(Exercise directions) Pictures are to be left out, and only the lines from the one containing "Tungsten Metallic /" through the last line of the data are to be returned exactly.

--- Entries shown Enclosed Below ---

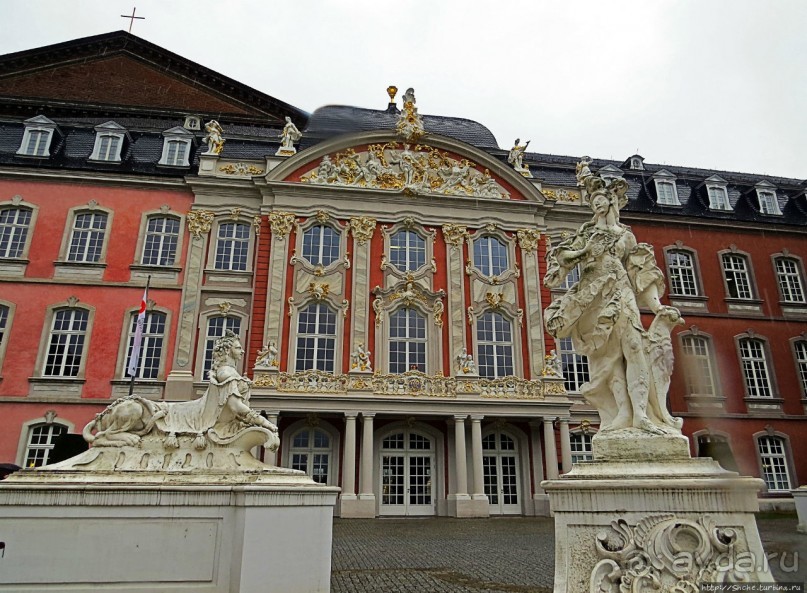 Яркое пятно на мрачном фоне трирской античности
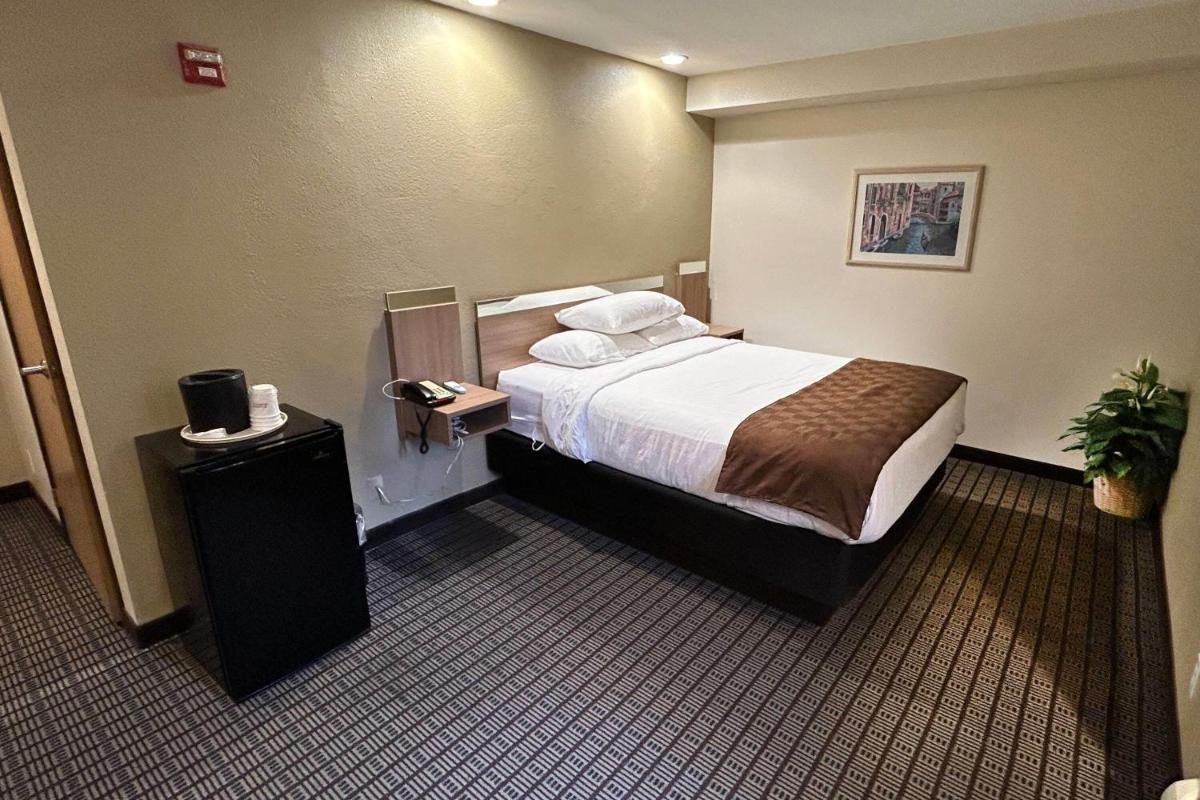 Travelodge by Wyndham Arlington/Dallas Area - Housity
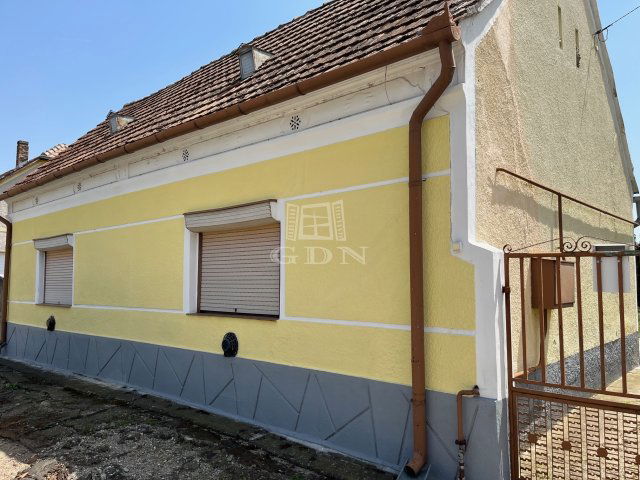 Eladó családi ház, Nemeskeresztúron 15.8 M Ft, 2 szobás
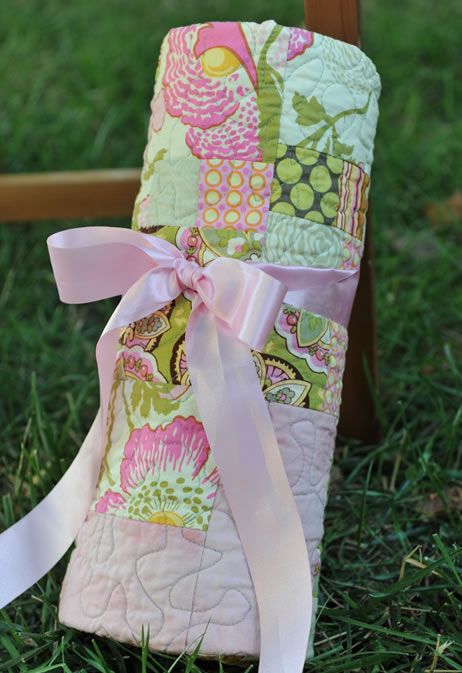 Wrapping A Quilt As A Gift, Gifting A Quilt, Quilt Gift Wrapping Ideas, How To Gift Wrap A Blanket, How To Wrap A Blanket As A Gift, Auction Basket, Baby Blanket Gift, Sewing Labels, Wedding Quilt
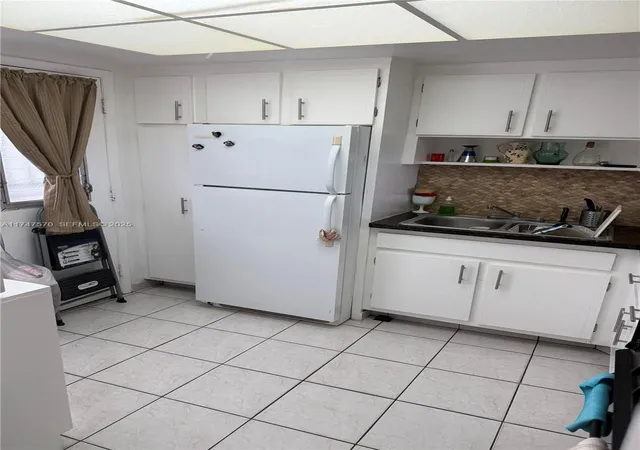 4th image of 18555 Ne 14Th Ave #618, Miami, FL 33179 | MLS# A11747570
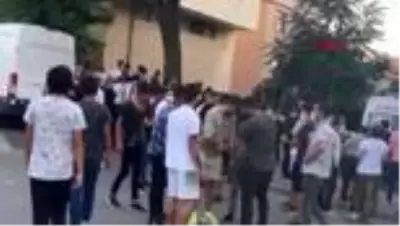 Son dakika haber... KARTAL'DA KÖPEĞE ÇARPMAMAK İÇİN MANEVRA YAPAN MOTOSİKLET KAZA YAPTI: 1 ÖLÜ, 1 YARALI Son dakika haber... KARTAL'DA KÖPEĞE ÇARPMAMAK İÇİN MANEVRA YAPAN MOTOSİKLET KAZA YAPTI: 1 ÖLÜ, 1 YARALI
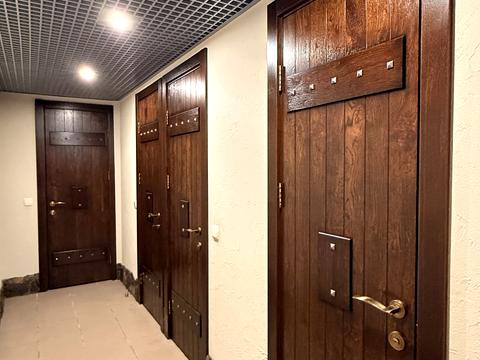 комерційна за адресою Дніпровська набережна вул., 26-К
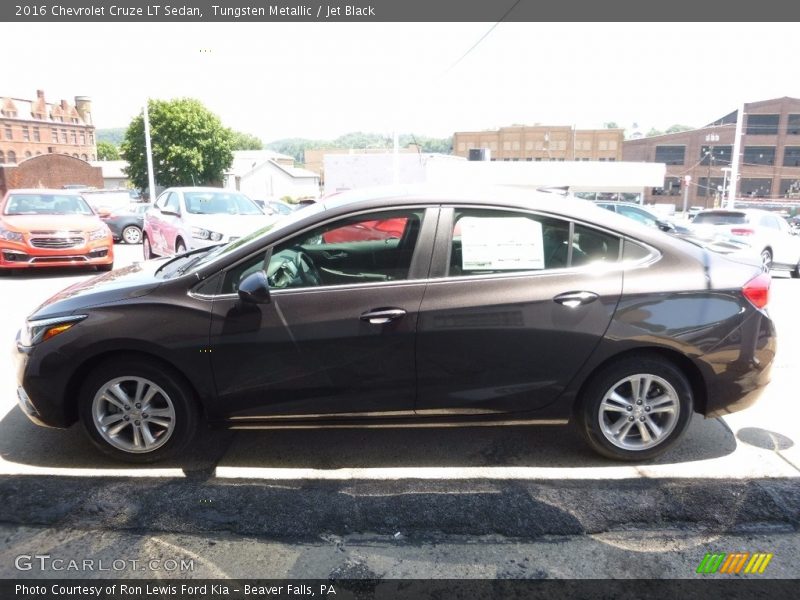 Tungsten Metallic / Jet Black 2016 Chevrolet Cruze LT Sedan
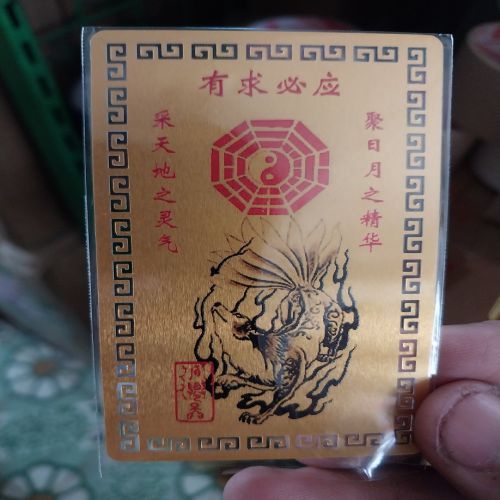 Kim bài linh phù cửu vĩ hồng hồ ly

--- End of Enclosed Entries shown ---

(Result)
 Tungsten Metallic / Jet Black 2016 Chevrolet Cruze LT Sedan
 Kim bài linh phù cửu vĩ hồng hồ ly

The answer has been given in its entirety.